What was the original motivation? When and where did it appear first?
Any funny or interesting anecdotes related to the problem? Has it been
used for something? If your problem is very fundamental and old, don't
hesitate to take a look at some books on the history of math or
history of sciences.
- Related topics: If you are aware of some problems or topics
close to yours, you should say a word about it.
- Formal definition of the problem/topic: Beyond the informal and
inviting presentation you will give at the beginning, there must be
some point where you will be very precise. Define every non-obvious
term you use and so on.
- More on the web and elsewhere: There is a lot of stuff on
the web which are relevant to your topic. Try to include many
links, with useful descriptions.
- References: You should have a reference section. You should
place there a reference to any material you use or refer to. List
papers and books as precisely as possible, include links if they are
accessible online. Make internal links to this list from other places
in your website as needed.
- A title: The name of a paper/project/website is extremely
important. This is how it will be listed on this webpage in the
future. You can choose to go with the name I have currently listed, or
make up your own.
- Abstract You should write a two or three lines summary of
your topic. Feel free to use what I have listed below or make up your
The applet should present and explain your concept or algorithm rather
than just implement something. For example, if your problem was to
compute a convex hull, it would not be very interesting to just show
the convex hull, even if the code used to compute it is very
advanced. It would be much better to have an interface showing how
the algorithm proceeds step by step, allowing the user to play and
experiment. You are even allowed to "cheat" with respect to the
internal implementation. That is, I don't care if the internals of the
applet really use such or such technique, as long as what it shows is
correct and explains well. For example, if an unimportant step of an
algorithm you are demonstrating is to find the closest pair of points
in a point set, I don't mind if, to simplify your implementation, you
use a O(n^2) algorithm even if the algorithm you are demonstrating
runs in O(n log(n)).
The code of your applet must be available to me.

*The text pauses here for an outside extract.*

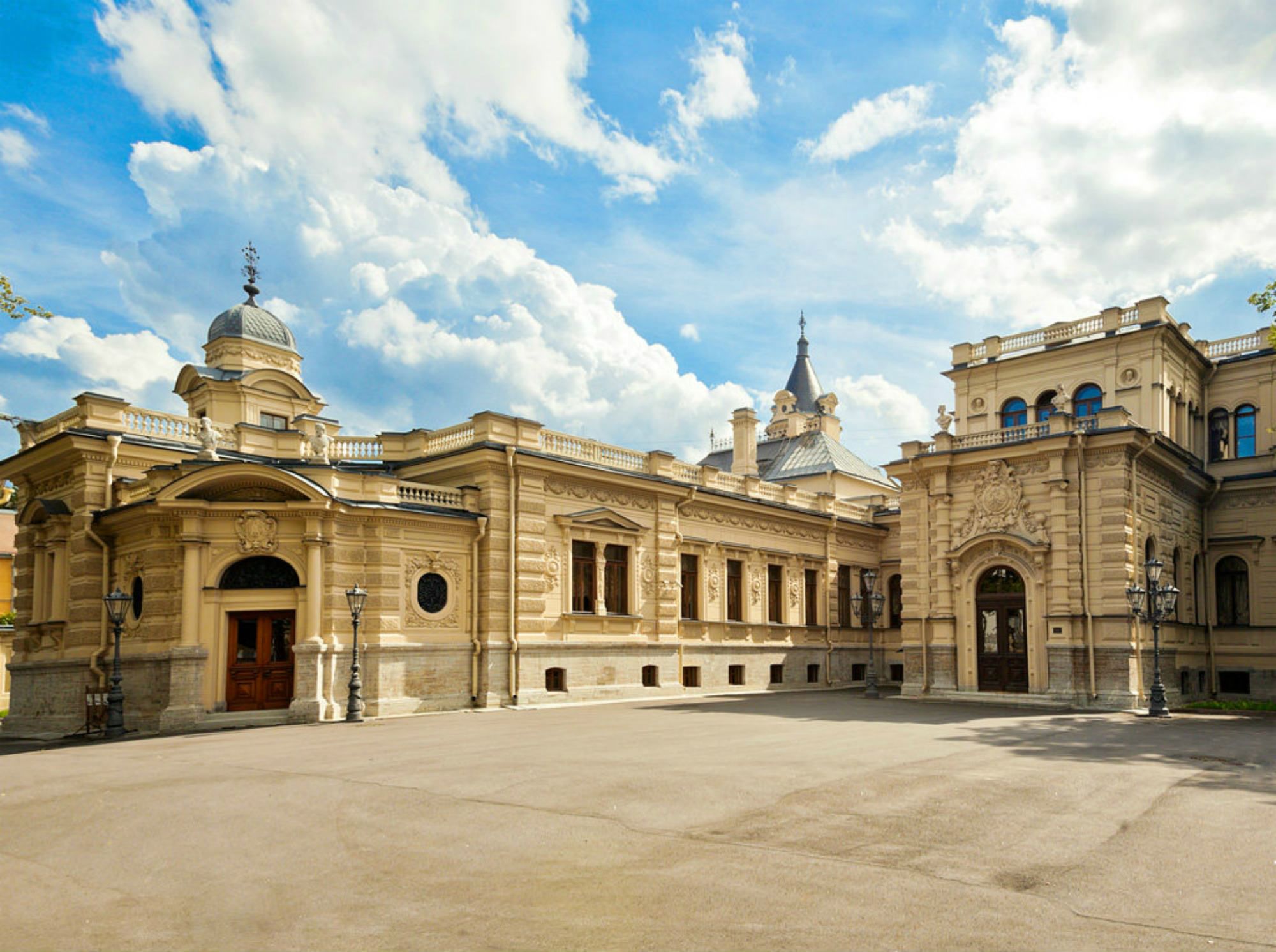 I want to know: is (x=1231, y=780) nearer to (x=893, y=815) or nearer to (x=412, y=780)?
(x=893, y=815)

Policy on using existing material
As for any publication, you are allowed to use any material available
as long as you acknowledge any source you use. This is true for your
HTML tutorial as well as for the applet. Don't hesitate to start from
some existing applet to create yours, and to mix and match existing
code from any source. But: you must acknowledge all sources you
use very carefully, and make sure you have the permission to use
them. You also must indicate clearly what your contribution is.
In order for your applet to remain available forever (?), I request that
you install all the necessary files on the servers of the CGM lab (ask
Greg). I also request that you consider releasing the java source of your
applet so that future students can use some of your code in their
future projects, although this is not a requirement. I do however require
that you give me access to your code for grading purposes.